I was going to entitle this column, 'Buddha, Ya Fat B******,' because I have little tolerance for religious sensitivities. Different mythologies, same old story. We are pinned between American fundamentalists peddling 'intelligent design' and Islamic fundamentalists demanding universal sharia law.

It's a pity everyone isn't like the Irish. We have moved on from superstition and now realise that the secret of life is to buy property, sell at a profit, buy a bigger property and spend the proceeds on women and drink.

We are a simple people.

'Intelligent design', I find particularly annoying. I was reading an excellent book recently, This Thing of Darkness, about Darwin's voyage to South America, where he found the material for his Theory of Evolution.
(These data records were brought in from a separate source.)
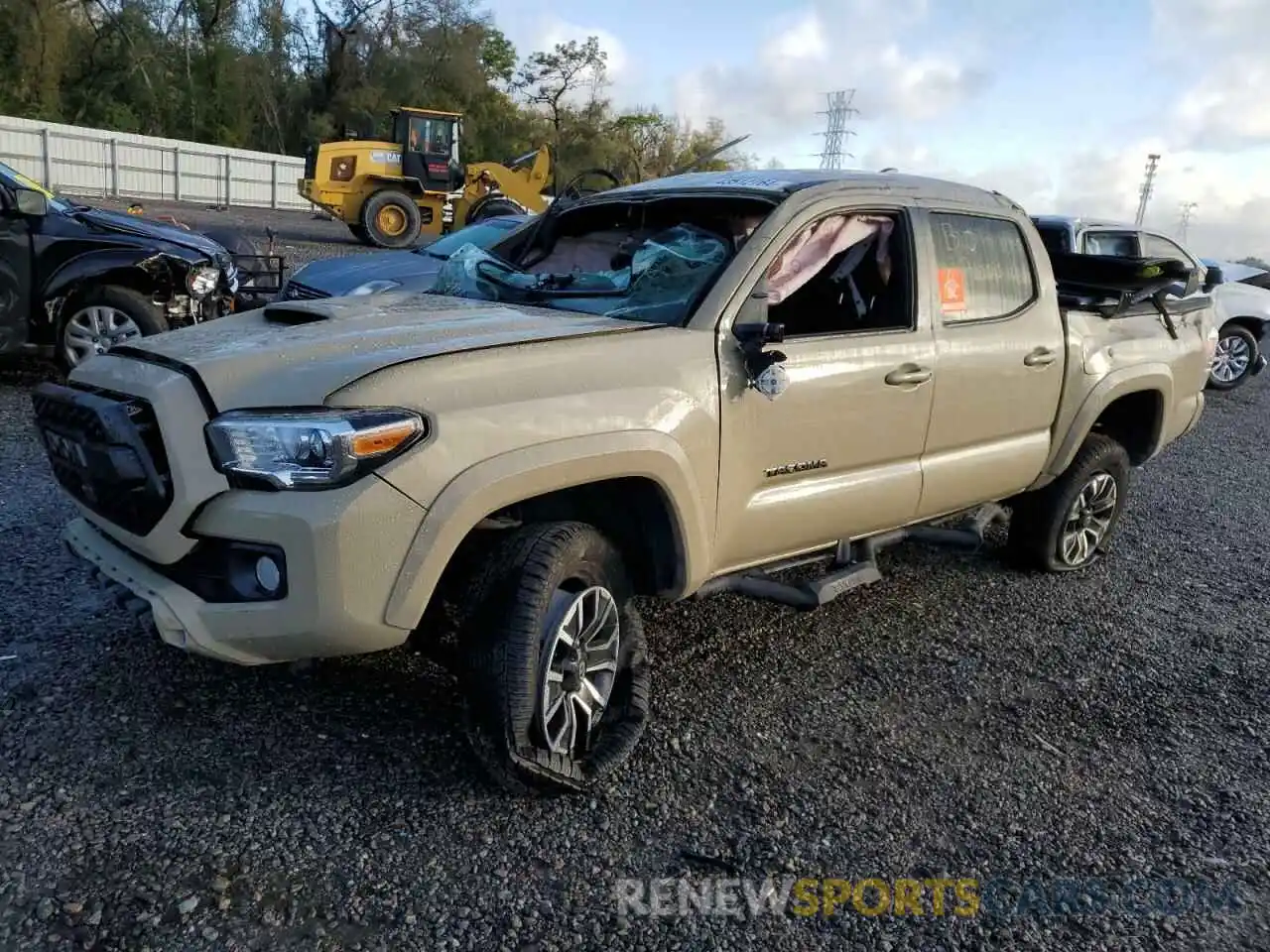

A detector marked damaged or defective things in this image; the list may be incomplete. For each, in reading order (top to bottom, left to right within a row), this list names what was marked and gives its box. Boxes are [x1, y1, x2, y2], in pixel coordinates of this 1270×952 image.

broken side mirror [13, 186, 48, 216]
damaged toyota tacoma [0, 160, 242, 369]
wrecked black car [0, 160, 258, 369]
broken side mirror [730, 282, 790, 403]
damaged toyota tacoma [35, 171, 1214, 797]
Ah, the sweet perfume of scientific progress. Darwin provides the theory, and then along come Mendel and Crick and Watson to provide the mechanism.

The book includes a map of Tierra del Fuego, down at the southern end of South America. And then I had a nasty shock. At the tip of Tierra del Fuego, there it was: Statin island. I shook myself, had another look.

I knew there was a Staten Island in New York, but now there's another.

Is that a bad omen or what?

Most wonder drugs run a consistent path. The newspapers hail them, the NHS gets tortured to prescribe them for everyone, then they are found to actually be not all that good. They fall out of fashion, occasionally making a small comeback in a very specific niche.

I remember when statins first appeared as wonder drugs. Everyone with high cholesterol was getting stuck on them, until we realised the side-effects and the importance of other risk factors.

But statins have broken the mould; they are back, bigger than ever, and getting even bigger. They have found fertile ground in the pastures of diabetes and CHD, and now a whisper tells me that the green fields of hypertension are next in line. So I am not surprised that things have got so bad they now have their very own island, where the natives all have unfurred arteries and live forever, before dying of something else.

And they don't mind the regular liver function tests either.